“But the children struggled in her womb, and she said, “If so, why do I exist?” and she went to inquire of Hashem.” (Bereishis 25:22)
Ever since Chava was cursed “In pain you shall bear children” (Bereishis 3:16), labor pains have been an inseparable part of childbirth. In the last several decades, women have benefited from the advent of epidural analgesia to provide significant pain relief during labor and delivery. Perhaps this is a portent of the forthcoming redemption when, as the Pasuk states, labor pains will cease to exist: “Before she even feels her labor pains she will give birth; before any suffering comes to her she will deliver a boy” (Yeshaya 67:7).
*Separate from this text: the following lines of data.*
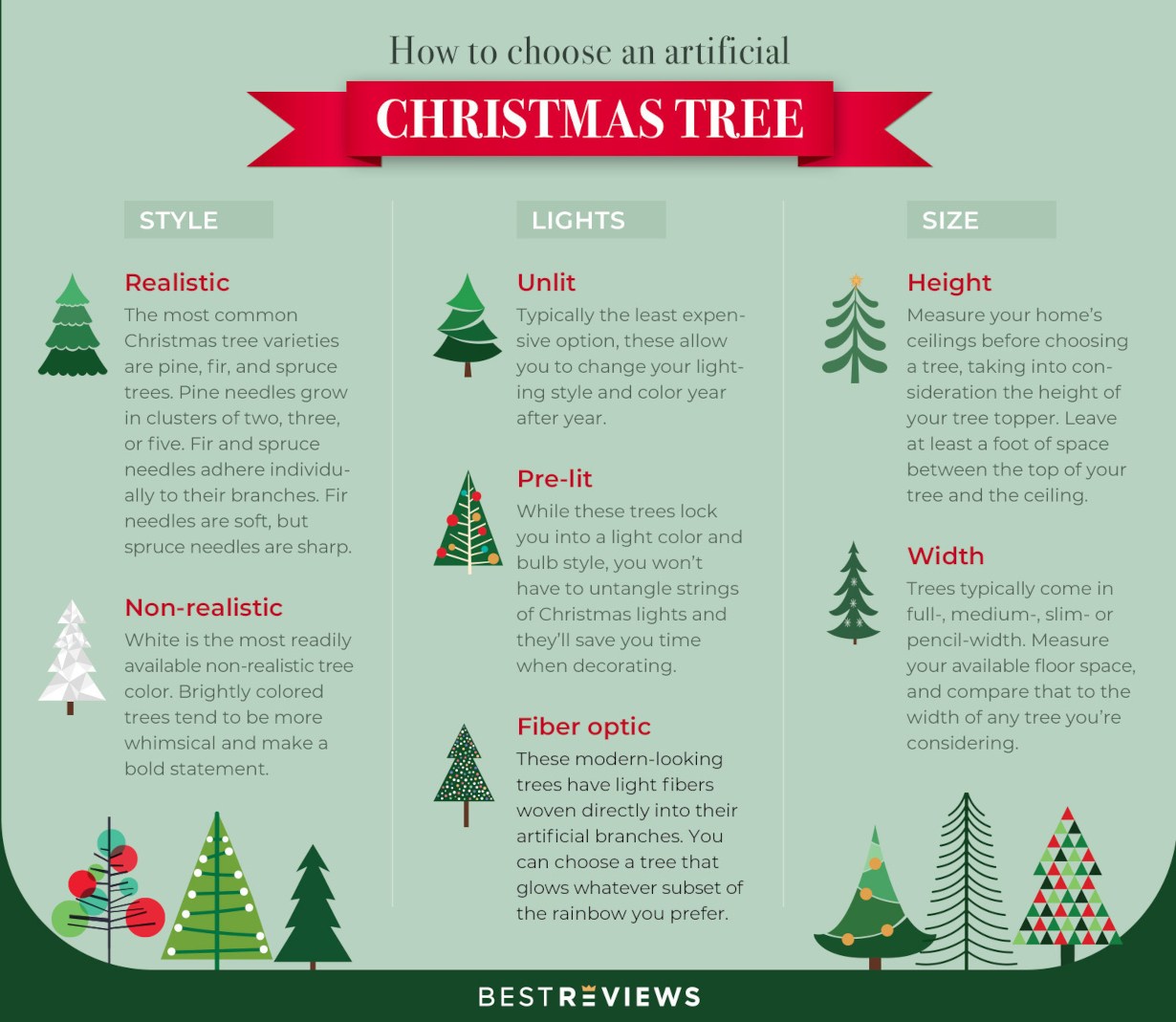 An infographic describing how to choose the best unique Christmas tree for your space
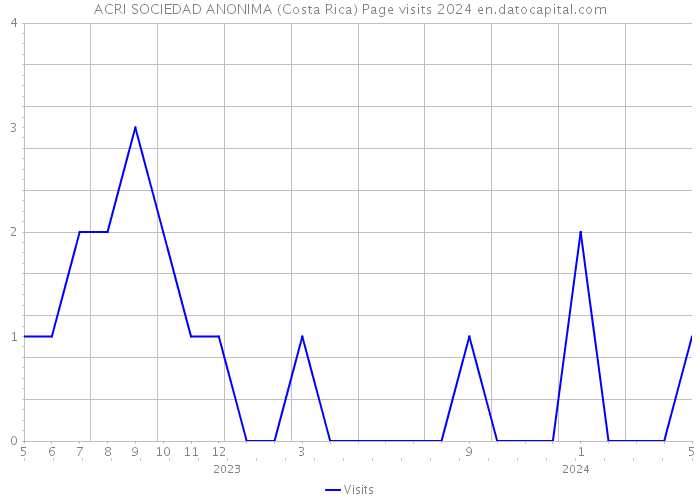 ACRI SOCIEDAD ANONIMA (Costa Rica) Page visits 2024 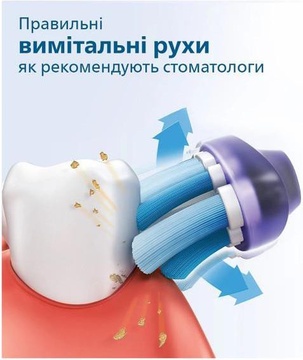 Philips Sonicare ProtectiveClean 5100 HX6857/28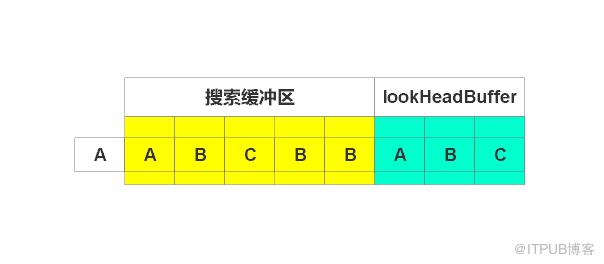 图片描述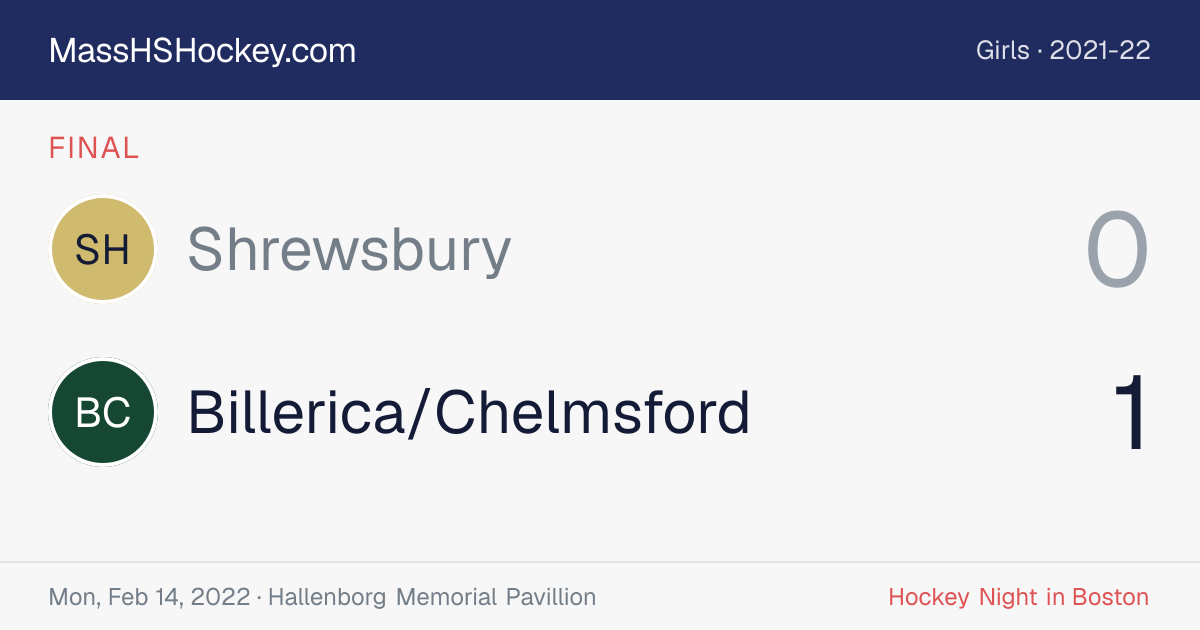 Shrewsbury at Billerica/Chelmsford score card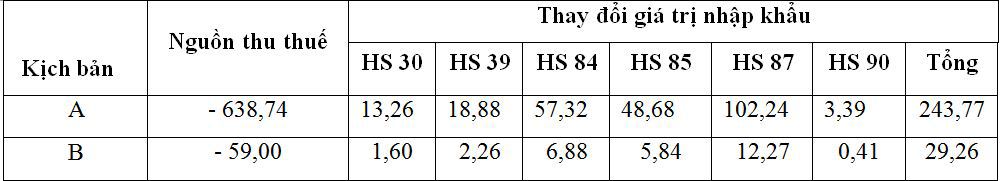 Đánh giá tác động thuế quan của Hiệp định EVFTA đến một số ngành xuất nhập khẩu của Việt Nam - Ảnh 4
Though, as stated, labor pains are an integral part of childbirth and do not constitute a Sakana, it is clear that Shabbos may be desecrated to place an epidural catheter and administer medications through it. Though the pain may not pose a danger to life, it certainly upsets the parturient mother’s state of mind, particularly today when women are well aware of the option of an epidural. If so, Issurim may be violated due to the principle of “Yesuvei Da’ata” – calming and reassuring a woman in labor (Shulchan Aruch, O.C. 330). Additionally, epidurals allow women to conserve or regain their strength for delivery.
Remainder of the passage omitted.